By Sheila McNulty in Houston

Published: January 27 2009 17:31 | Last updated: January 27 2009 22:57

Valero Energy said it would close an entire US refinery this quarter as it slashes petrol production and sharply reduces capital spending to manage the economic slowdown.

The biggest US refiner has 15 refineries across the country. It said that in addition to shutting its large Texas City refinery, it would close the fluid catalytic cracking unit, which primarily produces petrol, at its Corpus Christi East Plant.

Valero has cut the average useage rate at such petrol-producing units to 70-75 per cent capacity, down from the near full capacity at which the whole US system was running just a few years ago.

“The sluggish economy is clearly a headwind against demand growth for refined products,’’ said Bill Klesse, Valero’s chairman and chief executive.
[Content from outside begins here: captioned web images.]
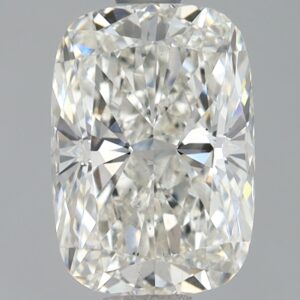 1.43 cctw VS1 - Lab Grown Loose Diamond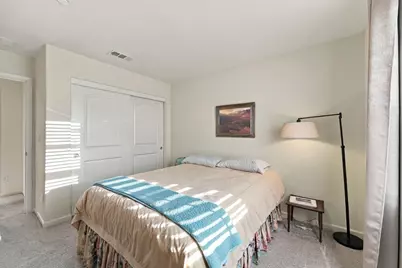 3231 Correll Way, Rancho Cordova, CA 95670 - Photo 34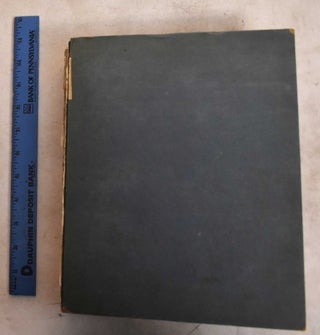 Voyages Dans la Grande-Bretagne, Entrepris Relativement aux Services Publics de la Guerre, de la Marine, et des Ponts et Chaussees, en 1816, 1817, 1818, 1819, et 1820. III.& IV Deuxieme Partie. Force Naval de la Grande-Bretagne.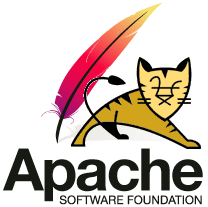 Implementazione Basato su Apache Tomcat Esteso per comunicare con i nodi Multipiattaforma Funzionalità Amministrazione della piattaforma MASTERNODE Interfaccia web Manager dei nodi Instradamento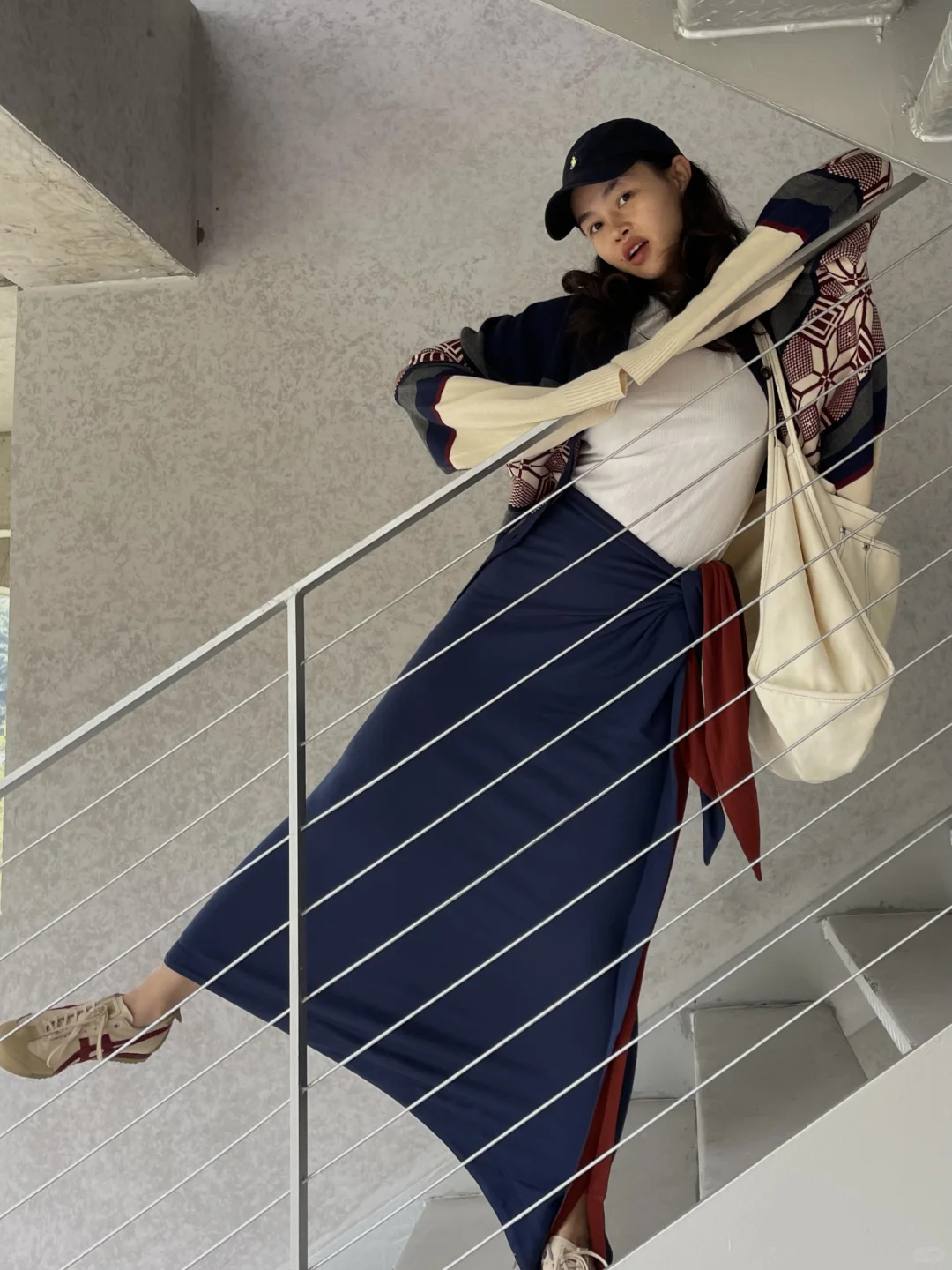 秋天的库存再不发就过季了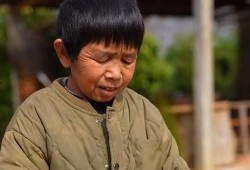 老四农人爆料视频,农村现状深度剖析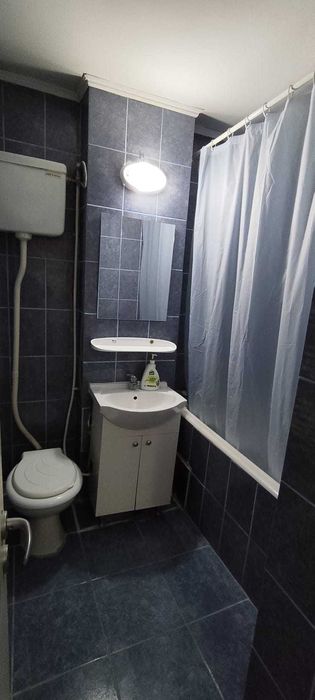 Proprietar, inchiriez apartament 2 camere, zona Rogerius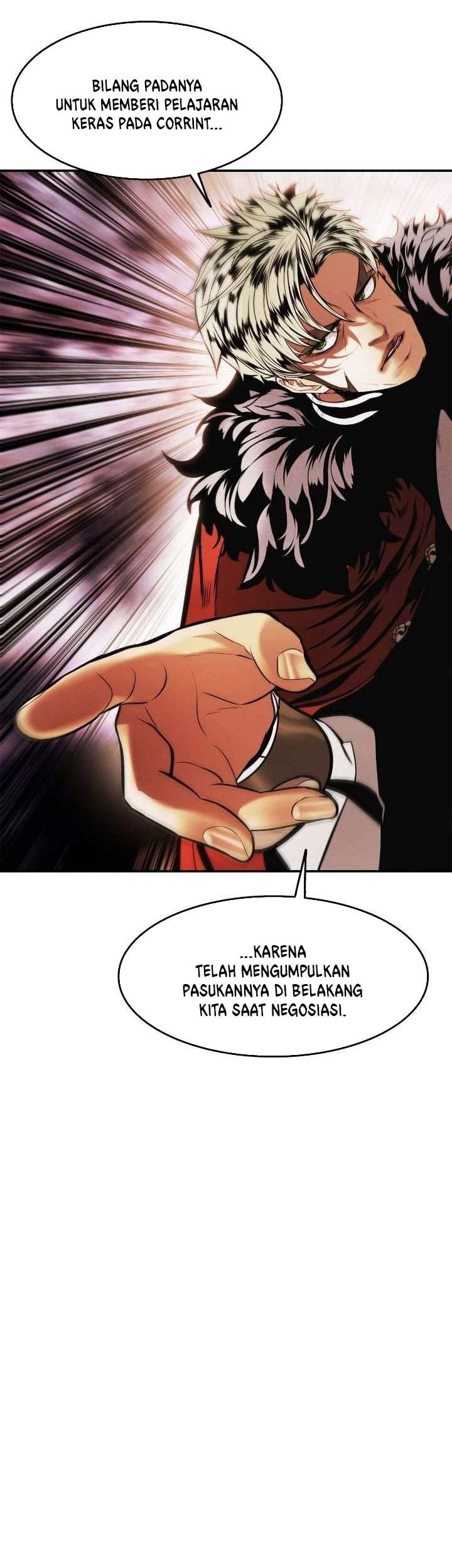 Chapter 185 - halaman 39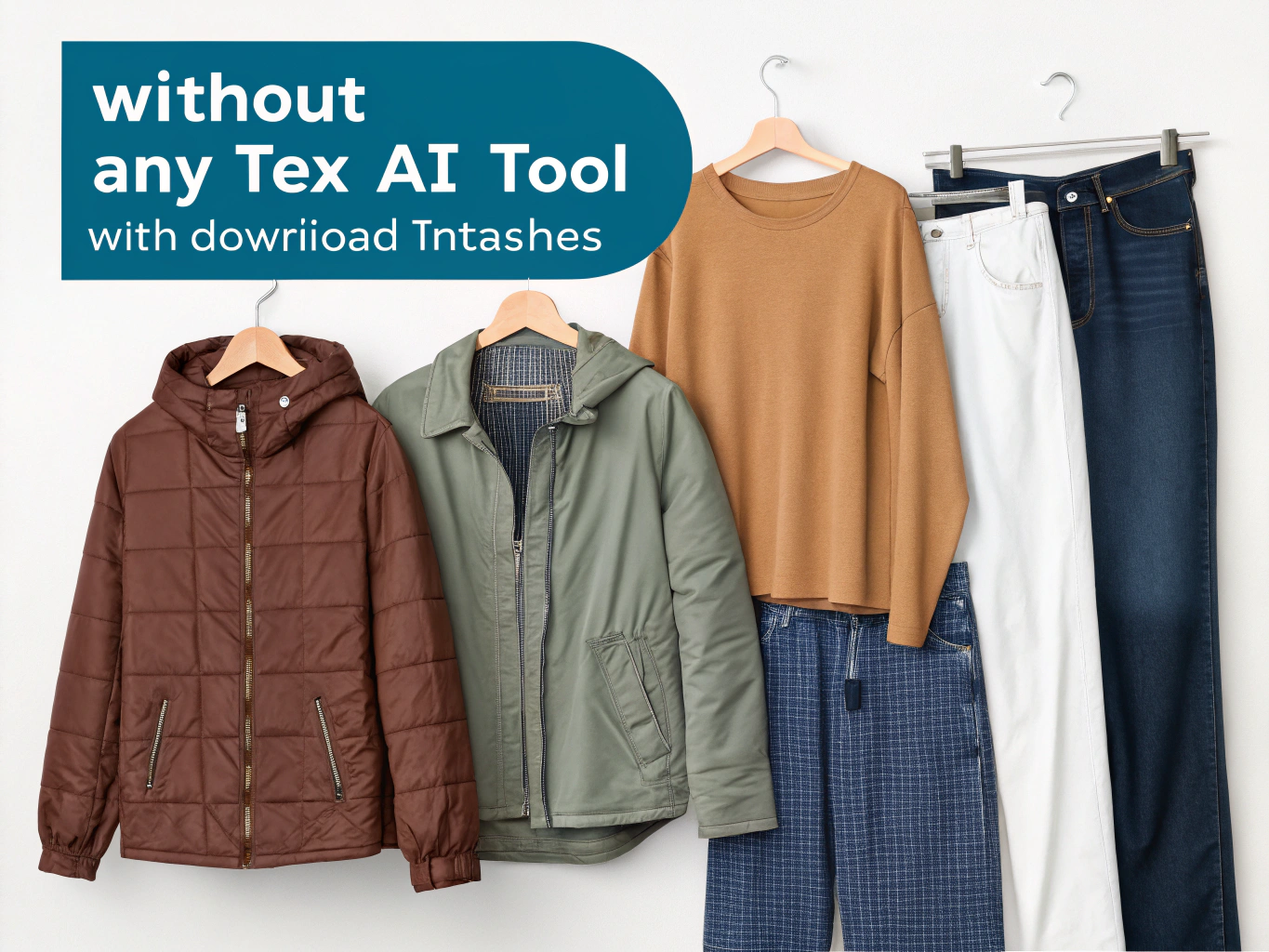 Best Clothes Remove AI Tool Download 2025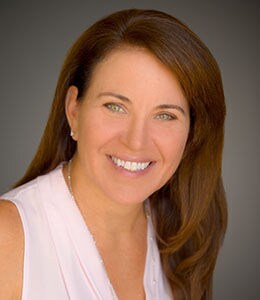 Tracy Vanoncini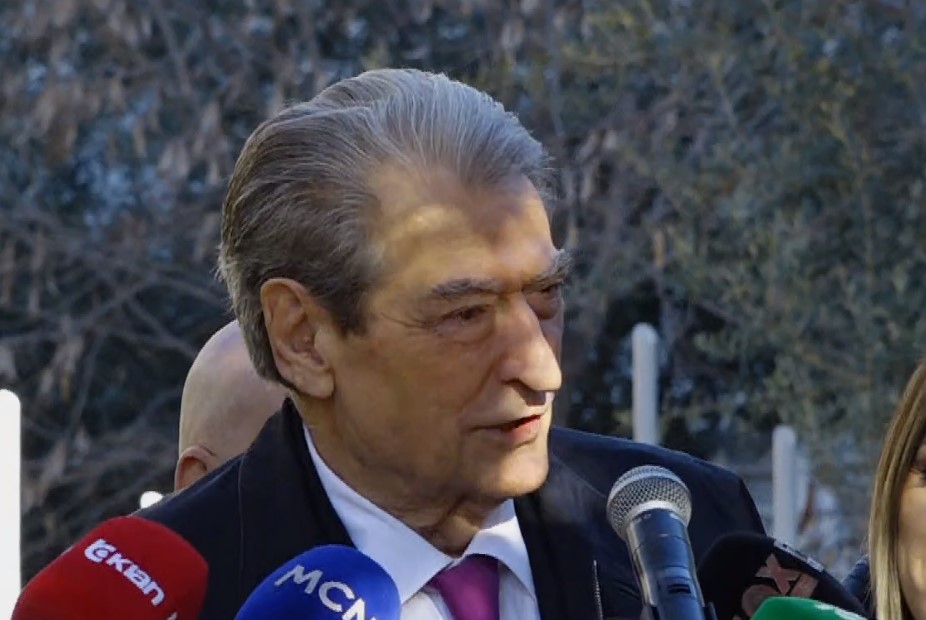 Vijon saga e dosjes “Partizani”/ Berisha para SPAK: Patllaket e hetuesve na tmerruan kryeministrin!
Valero also cut its estimate for 2009 capital spending to $2.7bn from its previous estimate of $3.5bn. Analysts had been expecting more than $4bn in capital spending for 2009. The company said that the cut in planned expenditure would have an impact on discretionary projects at many of its refineries.

Valero reported a fourth quarter net loss of $3.3bn, or $6.36 per share, on a goodwill impairment loss of $4.1bn.

In the same quarter a year earlier, Valero had reported net income of $567m, or $1.02 per share. Excluding the impairment charge, related to various acquired assets, Valero reported fourth quarter 2008 net income of $732m, or $1.41 per share.

Analysts expect Valero, with its diverse assets, to fare better than most US refiners in what is likely to be another difficult year. Last year, the sector suffered from a sharp drop in demand for petrol, as US consumers responded to the rise in petrol to more than $4 a gallon.

The drop in demand meant refiners could not raise prices any further to pass along the continued rise in their crude oil feedstocks, which rose to just under $150 a barrel.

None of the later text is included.